Data transmission bus BUS is a bidirectional bus. According to an embodiment, battery 5 comprises no other bus of data transmission from master control circuit BMS to modules E1 to EN, and no other bus of data transmission from modules E1 to EN to master control circuit BMS. According to an embodiment, data transmission bus BUS is a fast bus, that is, a bus over which data are transmitted with a flow rate greater than 3 megabits per second, preferably in the range from 5 megabits per second to 7 megabits per second. As an example, data transmission bus BUS is a bus according to the RS485 standard.
According to an embodiment, data transmission bus BUS is a bidirectional bus which allows a full duplex communication, that is, the simultaneous transmission of signals in both directions.
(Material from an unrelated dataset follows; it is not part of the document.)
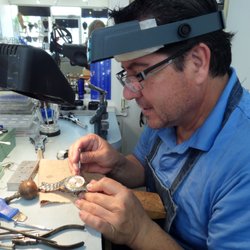 Jeweler Pablo Camelo works on a watch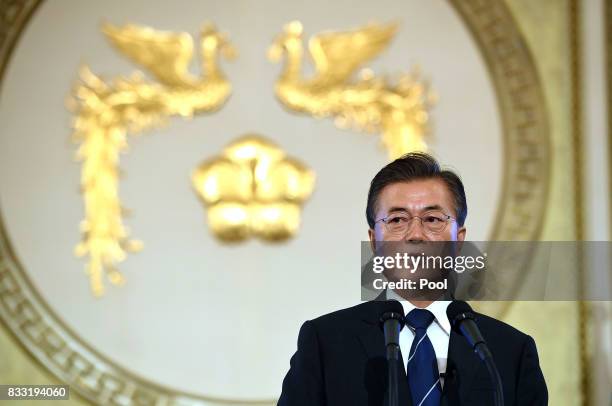 South Korean President Moon Jae-in speaks during a press conference marking his first 100 days in office at the presidential blue house on August 17,...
Data transmission bus BUS may comprise at least a first line BUS1 of data transmission from master control circuit BMS to each slave control circuit SCi and a second line BUS2 of data transmission from each slave control circuit SCi to master control circuit BMS.
At a step 10 (Send frame), master control circuit BMS transmits a data frame over data transmission bus BUS. A data frame comprises a series of bits.
According to an embodiment, master control circuit BMS substantially periodically transmits frames over data transmission bus BUS. The frequency of transmission of the successive frames by master control circuit BMS over data transmission bus BUS may be in the range from 1 kHz to 50 kHz, for example, equal to approximately 20 kHz.
According to an embodiment, the frames transmitted by master control circuit BMS over data transmission bus BUS have the same size, that is, they each comprise the same number of bits. According to an embodiment, each frame transmitted by master control circuit BMS over data transmission bus BUS may have a number of bits in the range from 50 bits and 100 bits, for example, approximately 70 bits.
According to an embodiment, the frames transmitted by master control circuit BMS over data transmission bus BUS have the same structure. This means that the bits of the frame are distributed in groups of successive bits, each group of bits corresponding to specific data, and the position of each group of bits in the frame is the same from one frame to the other, that is, for each group, the position of the first bit in the group is the same for each frame and the position of the last bit in the group is the same for each frame.
The fact for the frames transmitted by master control circuit BMS over data transmission bus BUS to have the same size and the same structure advantageously enables to ease the processing of the frames by the slave control circuits.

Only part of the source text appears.